Histoire poétique des Mérovingiens, par Godefroid Kurth, professeur à l’Université de Liège. Paris, Picard, 1893. In-8o, IV-552 pages. Prix : 10 francs.


La Bibliothèque de l’École des chartes aurait dû depuis longtemps rendre compte du très important ouvrage de M. Kurth, mais il n’est jamais trop tard pour annoncer un bon livre, et l’ouvrage du savant professeur de Liège rentre assurément dans cette dernière catégorie. L’exposition en est parfois un peu prolixe, quelques-unes des remarques de l’auteur peuvent paraître discutables et subtiles, mais le tout est, pour employer un terme fort goûté aujourd’hui, extrêmement suggestif, et alors même que sur tel ou tel détail il ne partage pas absolument l’opinion de l’auteur, le lecteur est amené à réfléchir et à se faire une idée plus précise des conditions auxquelles est soumise la connaissance des faits historiques.

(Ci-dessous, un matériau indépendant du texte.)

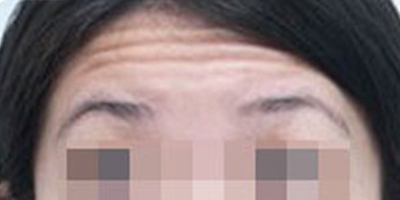 注射去面部細(xì)紋術(shù)前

Le titre suffit à lui seul pour indiquer l’objet des recherches de M. Kurth ; il s’est proposé de dégager dans les premiers livres de Grégoire de Tours, dans le pseudo-Frédégaire, enfin dans les Gesta regum Francorum, les éléments traditionnels et poétiques. Mais ce titre, à parler franc, ne nous satisfait pas entièrement ; il est trop particulier, trop affirmatif, et de nature à prêter à l’auteur une tendance au paradoxe, tendance qui existe bien dans une certaine mesure, mais que corrige fort heureusement la conclusion même du volume, pleine de sages réserves.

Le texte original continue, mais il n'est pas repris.